• RECORD EXTRACTS:
────────────────────────────────────────
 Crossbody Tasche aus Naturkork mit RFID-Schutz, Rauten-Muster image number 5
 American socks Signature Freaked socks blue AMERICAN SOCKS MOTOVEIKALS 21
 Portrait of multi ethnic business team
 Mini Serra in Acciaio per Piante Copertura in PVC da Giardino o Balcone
────────────────────────────────────────
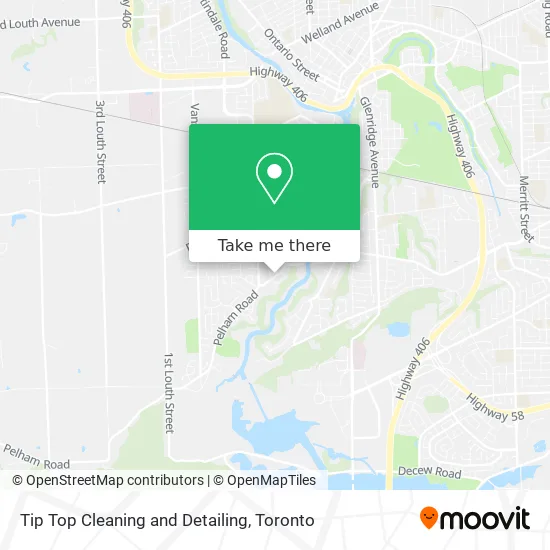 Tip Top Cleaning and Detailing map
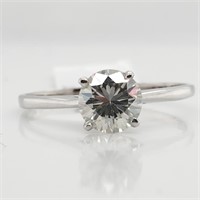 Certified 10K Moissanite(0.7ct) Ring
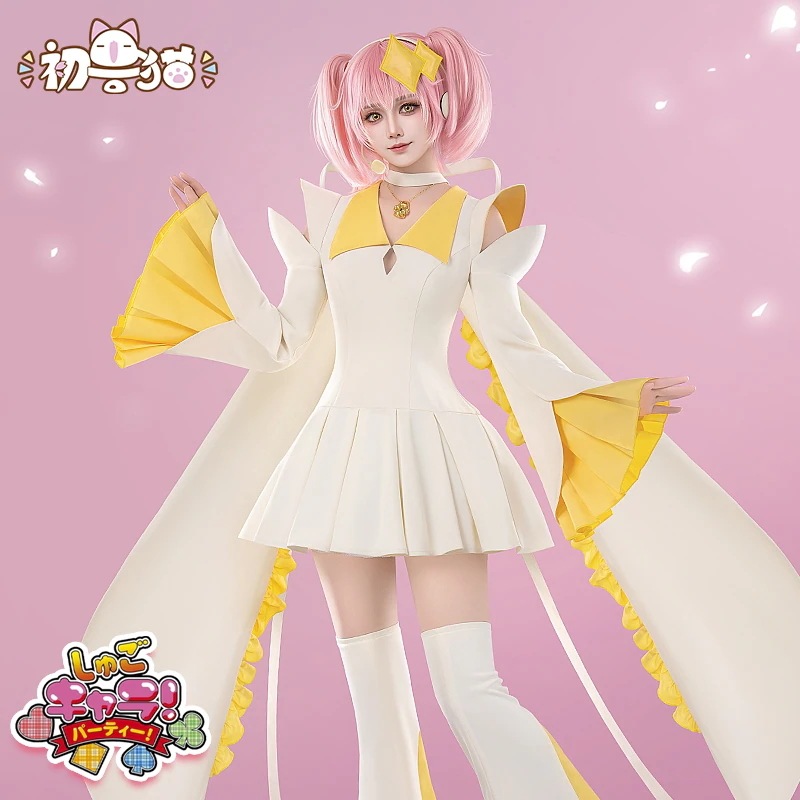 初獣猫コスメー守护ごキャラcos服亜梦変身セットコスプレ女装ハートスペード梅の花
────────────────────────────────────────
• WHAT TO PRODUCE: The response must repeat exactly the lines above from the one with "Certified 10K Moissanite(0.7ct) Ring" through the one with "初獣猫コスメー守护ごキャラc", including both, and must contain no pictures and no other text.

• EXERCISE RESPONSE:
 Certified 10K Moissanite(0.7ct) Ring
 初獣猫コスメー守护ごキャラcos服亜梦変身セットコスプレ女装ハートスペード梅の花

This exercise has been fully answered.